Having the operating system randomly turning off systems in a warehouse full of servers doesn't seem to make any sense.
On 11/16/24 08:15, George N. White III wrote:
On Fri, Nov 15, 2024 at 5:53 PM Robert McBroom via users users@lists.fedoraproject.org wrote:
similar to earlier thread. System goes blank and does not resume from wherever. Using LXDE and have set all the suspend, etc. options I can find to never. I can access the system from firefox on another machine and open a terminal. Is there a command that will restart the graphical display?With the terminal you should be able to find details using `journalctl`. It would be very useful to know if the issue is caused by something crashing or by some unwanted switch to a power saving mode.

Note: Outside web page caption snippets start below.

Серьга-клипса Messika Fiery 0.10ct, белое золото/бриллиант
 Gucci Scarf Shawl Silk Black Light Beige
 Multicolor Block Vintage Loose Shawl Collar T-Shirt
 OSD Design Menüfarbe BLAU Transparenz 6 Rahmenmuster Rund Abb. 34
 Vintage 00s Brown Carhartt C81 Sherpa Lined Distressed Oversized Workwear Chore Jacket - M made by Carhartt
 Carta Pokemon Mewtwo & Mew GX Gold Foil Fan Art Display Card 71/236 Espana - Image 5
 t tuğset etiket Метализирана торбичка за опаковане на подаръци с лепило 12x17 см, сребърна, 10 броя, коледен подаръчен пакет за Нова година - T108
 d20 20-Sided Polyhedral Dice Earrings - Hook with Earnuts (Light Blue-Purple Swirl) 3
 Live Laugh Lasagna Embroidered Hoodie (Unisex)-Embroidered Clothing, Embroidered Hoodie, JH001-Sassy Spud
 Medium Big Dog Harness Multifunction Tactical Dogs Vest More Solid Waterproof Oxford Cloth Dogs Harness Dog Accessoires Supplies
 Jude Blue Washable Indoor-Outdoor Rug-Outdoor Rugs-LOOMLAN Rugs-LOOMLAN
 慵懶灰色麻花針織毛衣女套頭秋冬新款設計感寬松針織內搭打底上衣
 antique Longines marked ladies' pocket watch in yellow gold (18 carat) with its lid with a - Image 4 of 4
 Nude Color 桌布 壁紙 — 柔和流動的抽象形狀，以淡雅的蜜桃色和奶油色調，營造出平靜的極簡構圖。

I've used pkill -u "user" to drop back to the display-manager but really want to get to the session as operable or to have it never go into stasis.
In XFCE found a setting I didn't see in LXDE that set suspend to never. Working at this point
On Sat, Nov 16, 2024 at 1:01 PM Robert McBroom via users < users@lists.fedoraproject.org> wrote:
In XFCE found a setting I didn't see in LXDE that set suspend to never. Working at this point
Today, running Gnome Software Update on 2 Fedora Workstation desktop systems got some message that updates were suspended due to power settings. Both systems showed "Power Saver" mode. Both are on UPS and there was a recent outage, so I'm guessing that is why, but it is a new behaviour. I will have to add checking PowerSaving modes to my post-outage procedures.